*WHAT THE TASK REQUIRES*
Without the pictures, set down every record below exactly as it reads.
- Opening Delimiter -
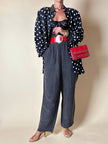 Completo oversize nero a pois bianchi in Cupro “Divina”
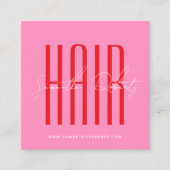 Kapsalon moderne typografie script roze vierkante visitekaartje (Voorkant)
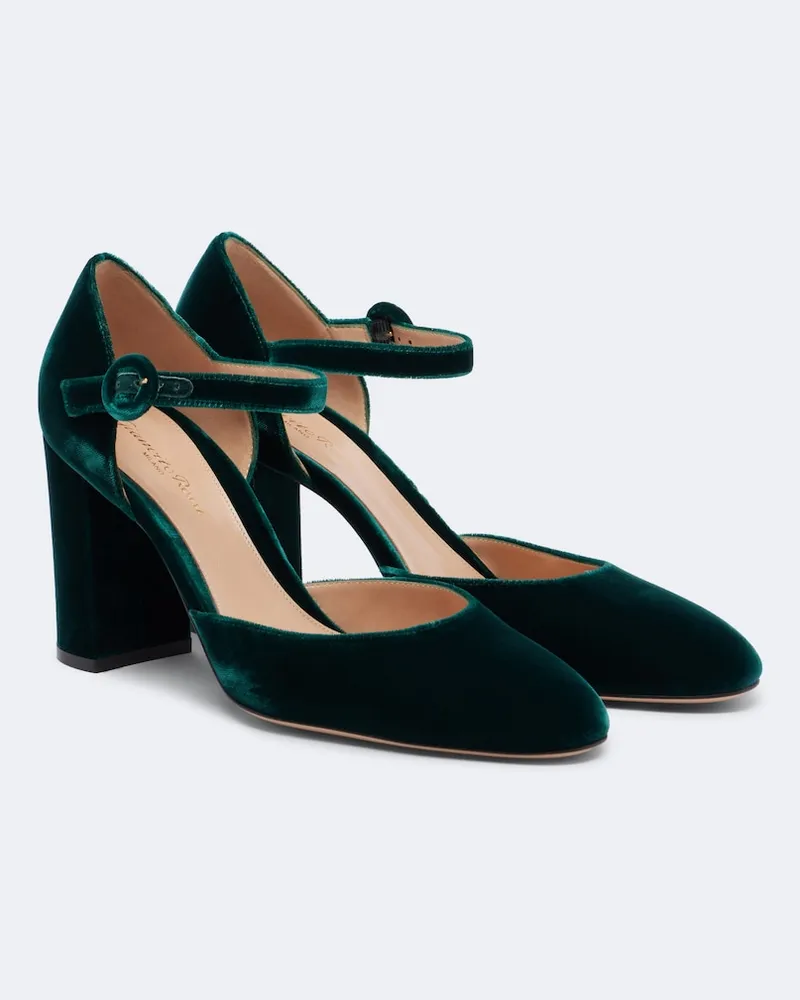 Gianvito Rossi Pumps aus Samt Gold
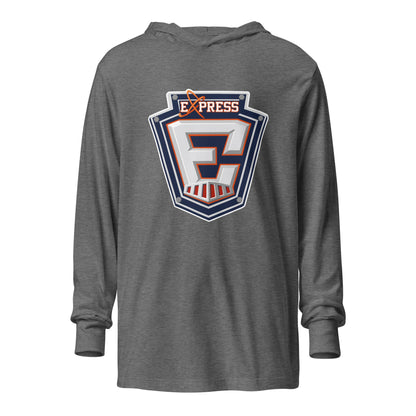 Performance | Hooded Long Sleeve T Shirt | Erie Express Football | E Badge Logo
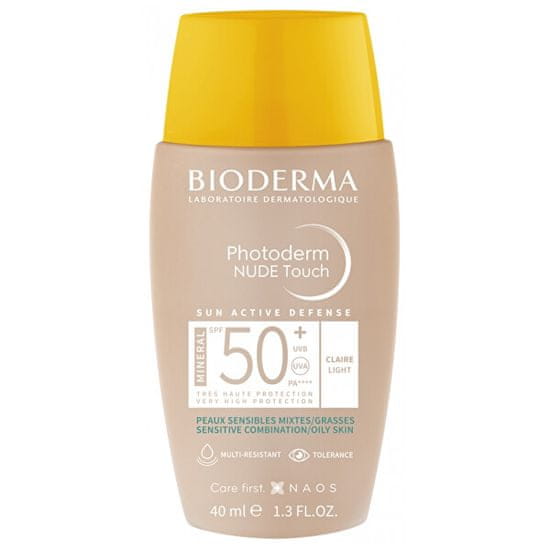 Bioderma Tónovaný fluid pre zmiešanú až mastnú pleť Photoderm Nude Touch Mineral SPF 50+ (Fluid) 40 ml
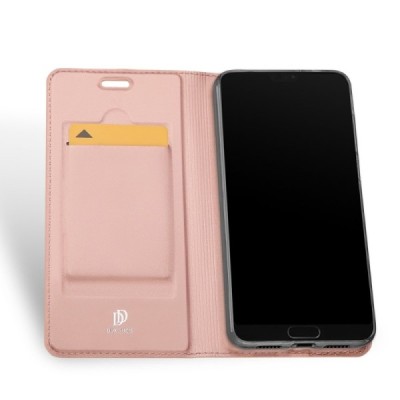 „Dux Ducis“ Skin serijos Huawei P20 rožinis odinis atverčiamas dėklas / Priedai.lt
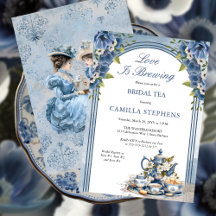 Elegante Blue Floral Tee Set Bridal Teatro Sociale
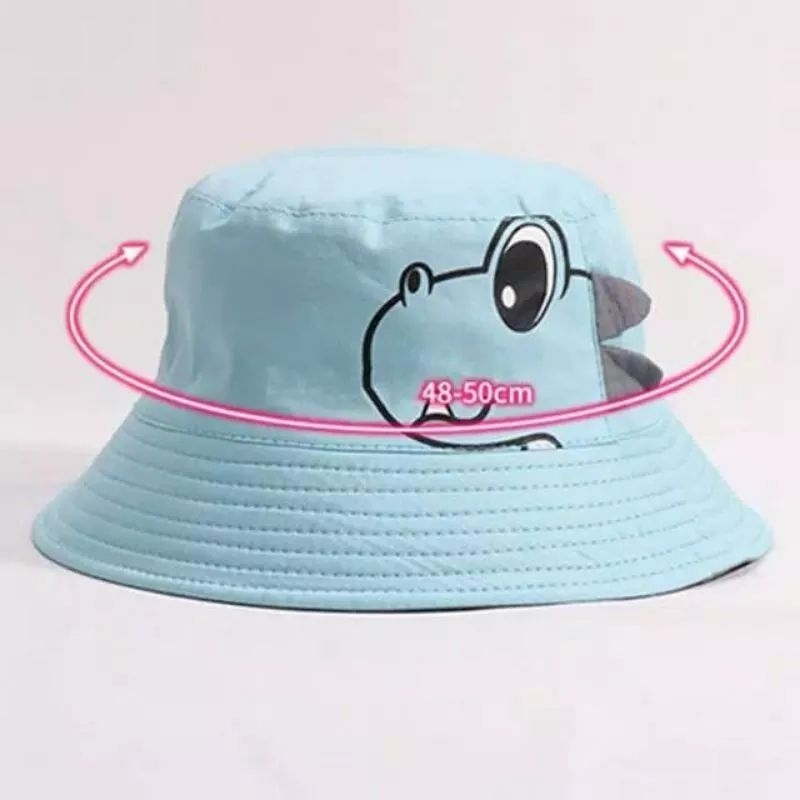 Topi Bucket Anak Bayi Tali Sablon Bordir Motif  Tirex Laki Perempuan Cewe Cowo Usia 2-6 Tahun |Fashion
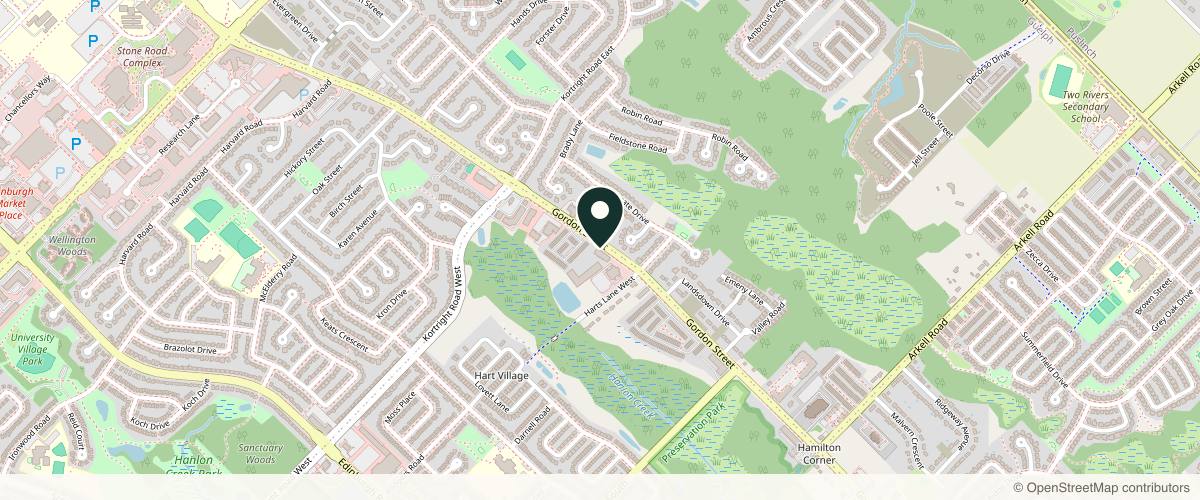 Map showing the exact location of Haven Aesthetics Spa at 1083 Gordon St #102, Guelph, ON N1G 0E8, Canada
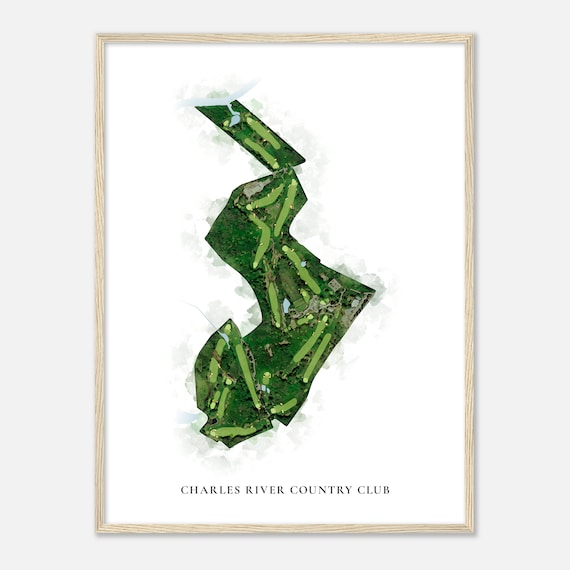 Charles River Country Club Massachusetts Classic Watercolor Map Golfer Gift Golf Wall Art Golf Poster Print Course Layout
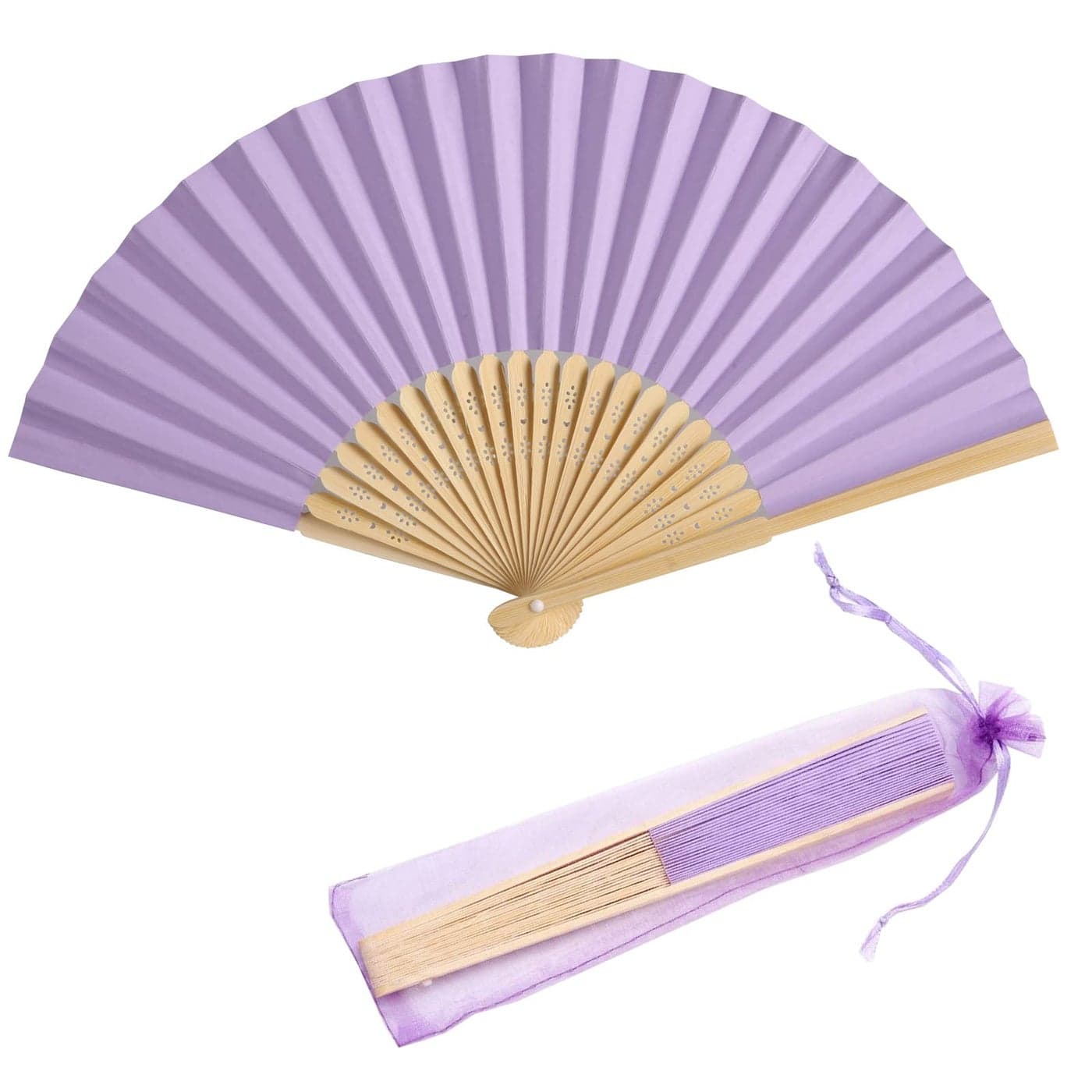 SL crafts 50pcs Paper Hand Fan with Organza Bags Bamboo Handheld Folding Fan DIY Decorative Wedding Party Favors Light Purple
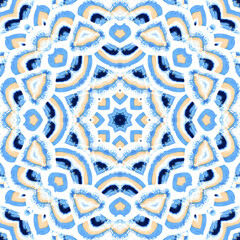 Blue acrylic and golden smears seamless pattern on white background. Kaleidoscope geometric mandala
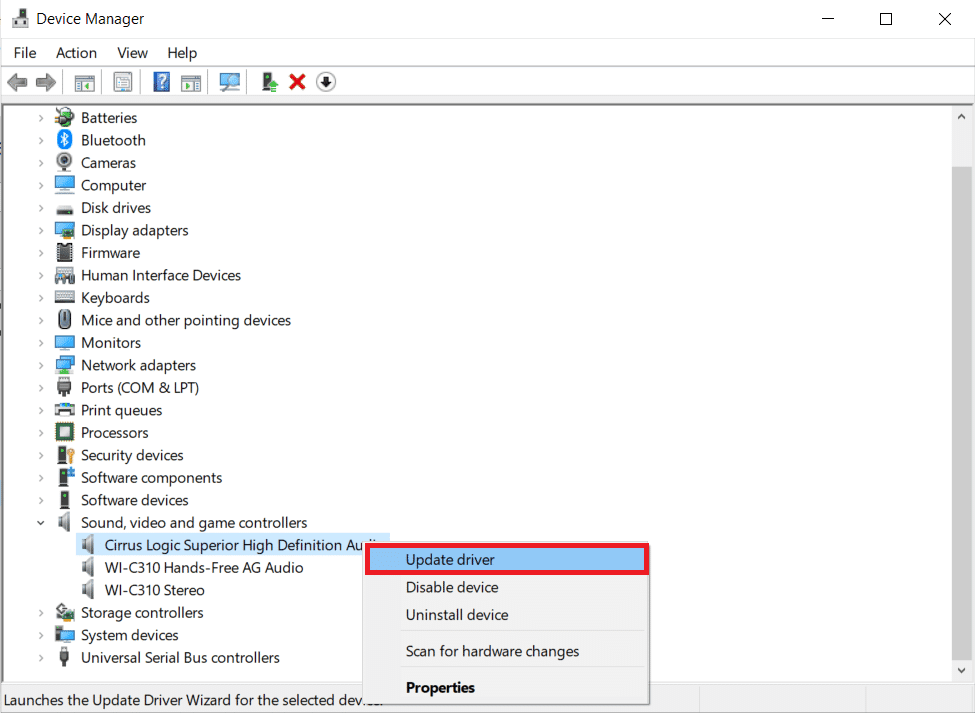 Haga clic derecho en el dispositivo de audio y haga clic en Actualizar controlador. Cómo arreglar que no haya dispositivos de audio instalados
- Closing Delimiter -
*WRITTEN SOLUTION*
 Completo oversize nero a pois bianchi in Cupro “Divina”
 Kapsalon moderne typografie script roze vierkante visitekaartje (Voorkant)
 Gianvito Rossi Pumps aus Samt Gold
 Performance | Hooded Long Sleeve T Shirt | Erie Express Football | E Badge Logo
 Bioderma Tónovaný fluid pre zmiešanú až mastnú pleť Photoderm Nude Touch Mineral SPF 50+ (Fluid) 40 ml
 „Dux Ducis“ Skin serijos Huawei P20 rožinis odinis atverčiamas dėklas / Priedai.lt
 Elegante Blue Floral Tee Set Bridal Teatro Sociale
 Topi Bucket Anak Bayi Tali Sablon Bordir Motif  Tirex Laki Perempuan Cewe Cowo Usia 2-6 Tahun |Fashion
 Map showing the exact location of Haven Aesthetics Spa at 1083 Gordon St #102, Guelph, ON N1G 0E8, Canada
 Charles River Country Club Massachusetts Classic Watercolor Map Golfer Gift Golf Wall Art Golf Poster Print Course Layout
 SL crafts 50pcs Paper Hand Fan with Organza Bags Bamboo Handheld Folding Fan DIY Decorative Wedding Party Favors Light Purple
 Blue acrylic and golden smears seamless pattern on white background. Kaleidoscope geometric mandala
 Haga clic derecho en el dispositivo de audio y haga clic en Actualizar controlador. Cómo arreglar que no haya dispositivos de audio instalados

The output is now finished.